- From: Gavin Thomas Nicol <gtn@ebt.com>
- Date: Wed, 1 Nov 2000 12:59:28 -0500
- To: <xml-dist-app@w3.org>
> The problem is that when parsing I can't do the following
> (simplifying the XML terribly):
>
> <wrapper with wrapper.dtd>
> <header> ... </header> -- elements defined by wrapper.dtd
> <body>
> <newsml with newsml.dtd> -- start of new enclosed document
> <headline> ... </headline> -- elements defined by newsml.dtd
> <body> ... </body>
> </newsml> -- return to wrapping document context
> </body>
> </wrapper>
>
> Where the wrapper.dtd doesn't know about newml, newsml.dtd doesn't know
> about the wrapper, and both chunks of XML are validated.

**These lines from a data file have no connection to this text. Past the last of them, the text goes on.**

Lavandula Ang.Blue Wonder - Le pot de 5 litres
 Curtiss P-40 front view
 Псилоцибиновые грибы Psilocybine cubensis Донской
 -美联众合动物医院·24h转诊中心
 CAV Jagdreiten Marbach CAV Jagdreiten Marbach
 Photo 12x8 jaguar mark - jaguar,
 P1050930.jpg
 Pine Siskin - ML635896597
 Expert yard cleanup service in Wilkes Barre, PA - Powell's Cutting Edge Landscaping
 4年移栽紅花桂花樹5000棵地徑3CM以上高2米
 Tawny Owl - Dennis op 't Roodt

I think this is very much a question of layering. If you try to validate
the document *in toto* you'll have trouble. I have always felt that
parsing and validation are separate things, so I could quite easily
imagine doing this:
<wrapper>
<header>
<field name="id" value="12345678">
</header>
<body>
<anything>
<can>
<go>
<here>
</here>
</go>
</can>
</anything>
</body>
</wrapper>
and then validating the various bits separately. For example, validating the
content of <header> is important, and validating the *content* of <body>
is important. We can validate those two, seperately using the idea that
validation is basically a boolean function
validate(node, content-model)
where "content-model" would be a different DTD for <header> and
the content of <body>. In other words, read in the XML as a well-formed
document, then apply validation to the bits you care about. The only
thing you'd have to be a little careful of was namespaces.